Dataset records
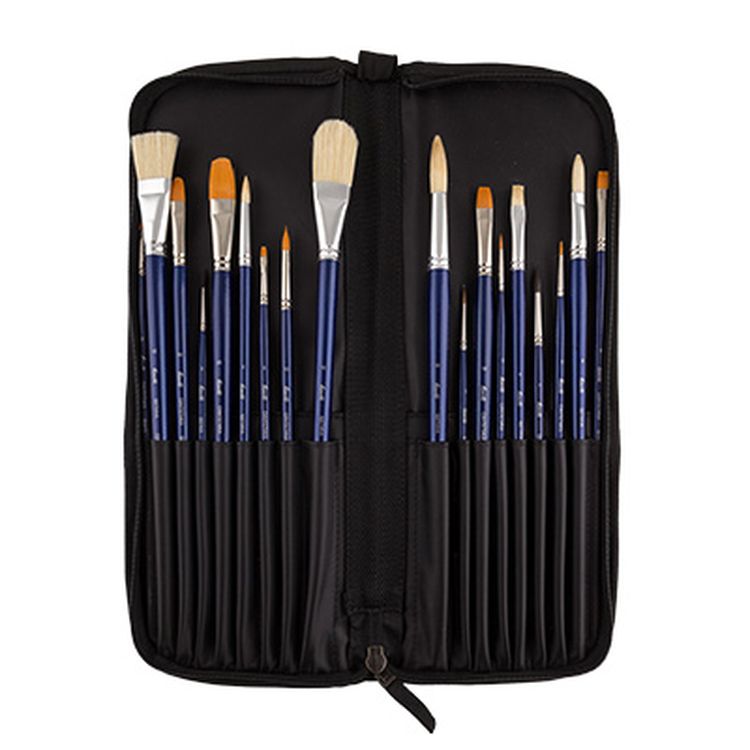 Пенал для кистей на 18 шт., 39,5x16x2,5 см, VISTA-ARTISTA  — картинка 2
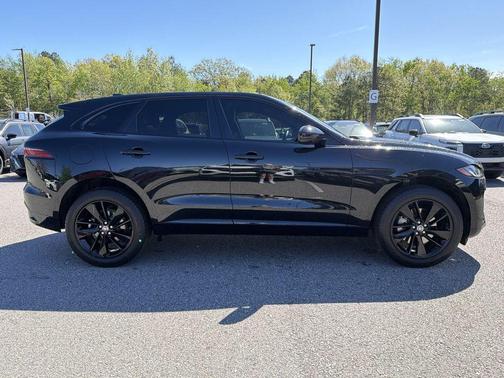 Santorini Black 2023 Jaguar F-PACE S P250 AWD Automatic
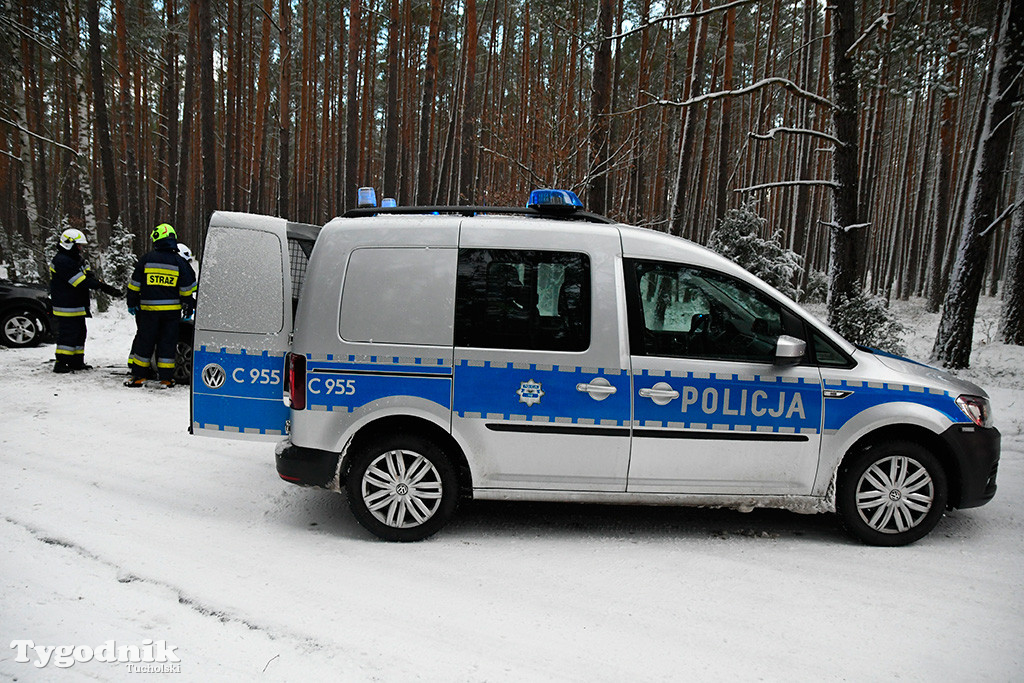 Zdarzenie z udziałem radiowozu (20.01.2022)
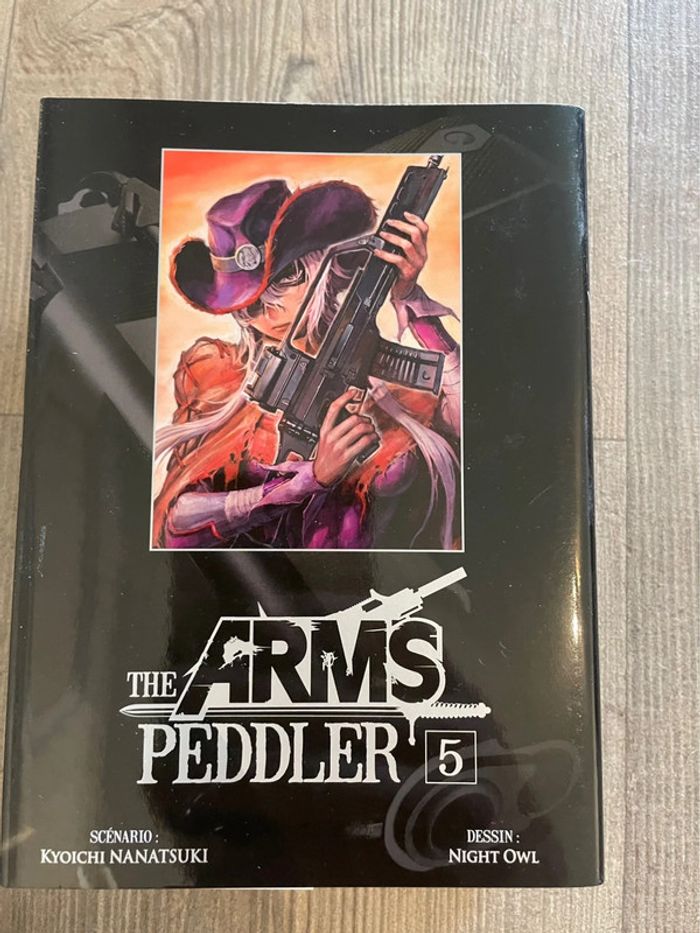 Manga The Arms Peddler 1 à 7 - photo numéro 9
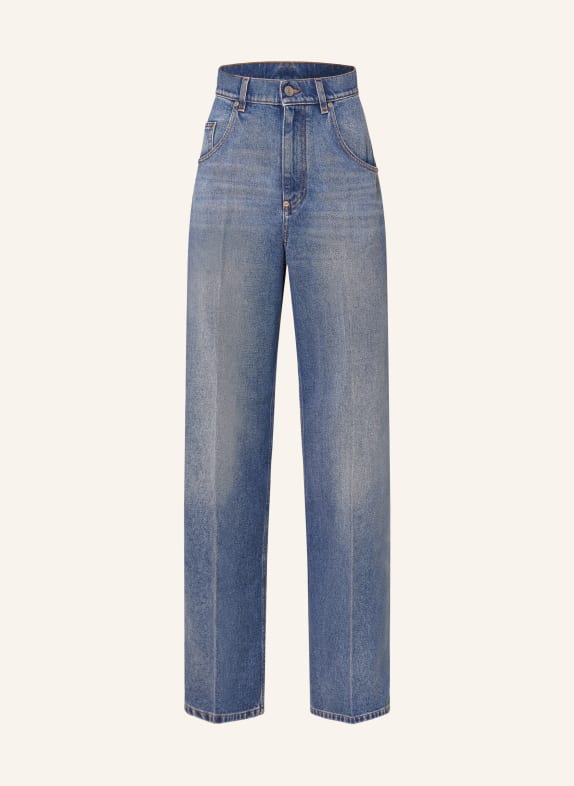 STELLA McCARTNEY Straight jeans 4233 VINTAGE BLUE DENIM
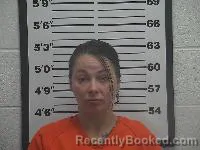 Mugshot of Chantel Summer Varner booked in Belmont County, Ohio on May 22, 2026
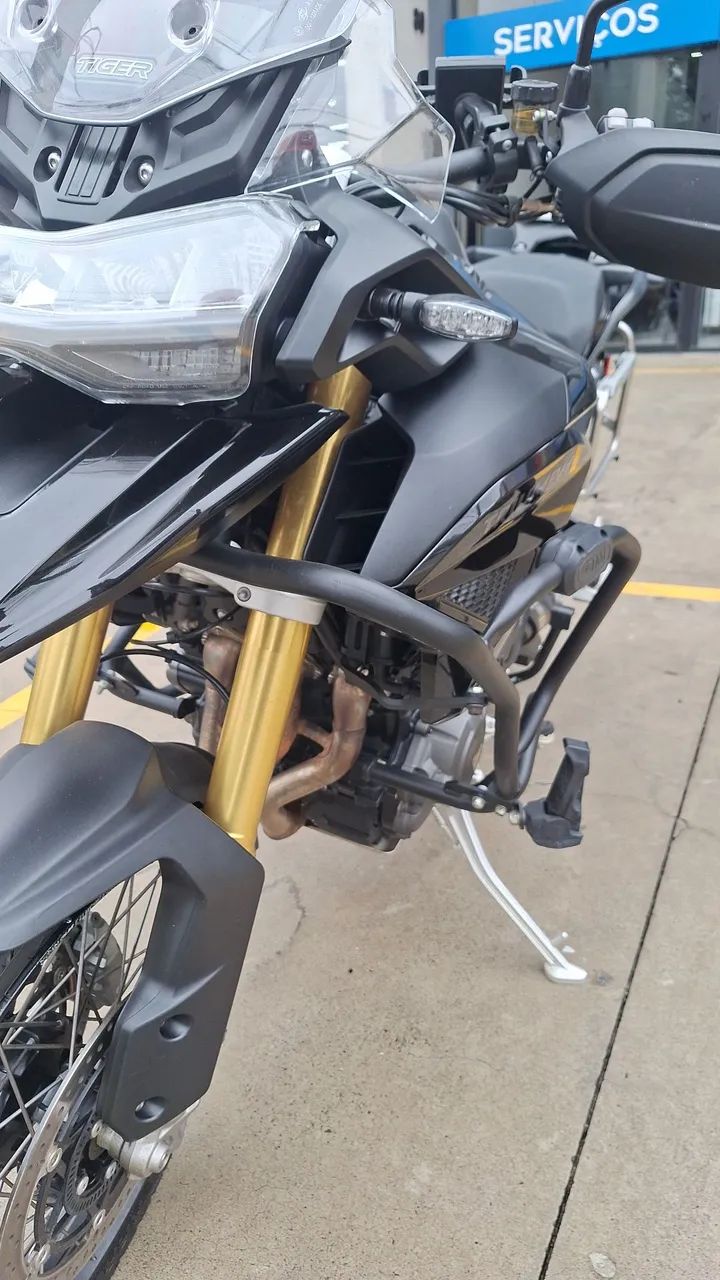 Tiger 1200 com acessórios - Foto 2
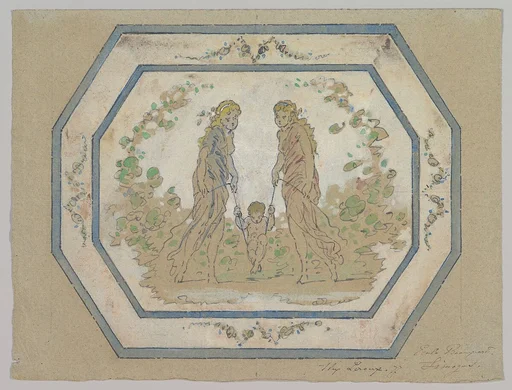 Design for a Porcelain Platter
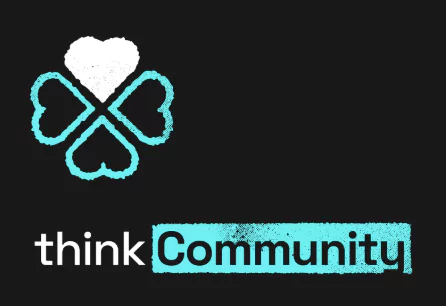 Community icon and Think EQ logo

● **Required action**:
No pictures belong in the output. It should reproduce exactly the lines from the one containing "Mugshot of Chantel" through the end of the data, both ends included.

● **Task result**:
 Mugshot of Chantel Summer Varner booked in Belmont County, Ohio on May 22, 2026
 Tiger 1200 com acessórios - Foto 2
 Design for a Porcelain Platter
 Community icon and Think EQ logo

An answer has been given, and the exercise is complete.